About this task: Go through the lines below and retype each one exactly.

[Short text fragments from websites]

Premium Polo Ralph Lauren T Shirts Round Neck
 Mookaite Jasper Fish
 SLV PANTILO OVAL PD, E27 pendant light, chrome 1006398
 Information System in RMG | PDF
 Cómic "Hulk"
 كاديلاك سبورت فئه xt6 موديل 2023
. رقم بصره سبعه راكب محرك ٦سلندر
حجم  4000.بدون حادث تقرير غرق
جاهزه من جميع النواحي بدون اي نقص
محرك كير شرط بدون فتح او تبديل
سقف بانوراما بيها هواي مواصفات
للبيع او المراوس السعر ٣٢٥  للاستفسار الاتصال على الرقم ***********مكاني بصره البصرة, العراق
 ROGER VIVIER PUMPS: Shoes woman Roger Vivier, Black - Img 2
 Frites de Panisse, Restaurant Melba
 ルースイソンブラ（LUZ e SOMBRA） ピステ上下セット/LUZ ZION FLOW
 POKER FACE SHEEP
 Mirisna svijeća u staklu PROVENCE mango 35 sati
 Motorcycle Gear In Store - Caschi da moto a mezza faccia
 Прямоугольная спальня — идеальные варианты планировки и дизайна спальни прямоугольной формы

Response for this exercise:
Premium Polo Ralph Lauren T Shirts Round Neck
 Mookaite Jasper Fish
 SLV PANTILO OVAL PD, E27 pendant light, chrome 1006398
 Information System in RMG | PDF
 Cómic "Hulk"
 كاديلاك سبورت فئه xt6 موديل 2023
. رقم بصره سبعه راكب محرك ٦سلندر
حجم  4000.بدون حادث تقرير غرق
جاهزه من جميع النواحي بدون اي نقص
محرك كير شرط بدون فتح او تبديل
سقف بانوراما بيها هواي مواصفات
للبيع او المراوس السعر ٣٢٥  للاستفسار الاتصال على الرقم ***********مكاني بصره البصرة, العراق
 ROGER VIVIER PUMPS: Shoes woman Roger Vivier, Black - Img 2
 Frites de Panisse, Restaurant Melba
 ルースイソンブラ（LUZ e SOMBRA） ピステ上下セット/LUZ ZION FLOW
 POKER FACE SHEEP
 Mirisna svijeća u staklu PROVENCE mango 35 sati
 Motorcycle Gear In Store - Caschi da moto a mezza faccia
 Прямоугольная спальня — идеальные варианты планировки и дизайна спальни прямоугольной формы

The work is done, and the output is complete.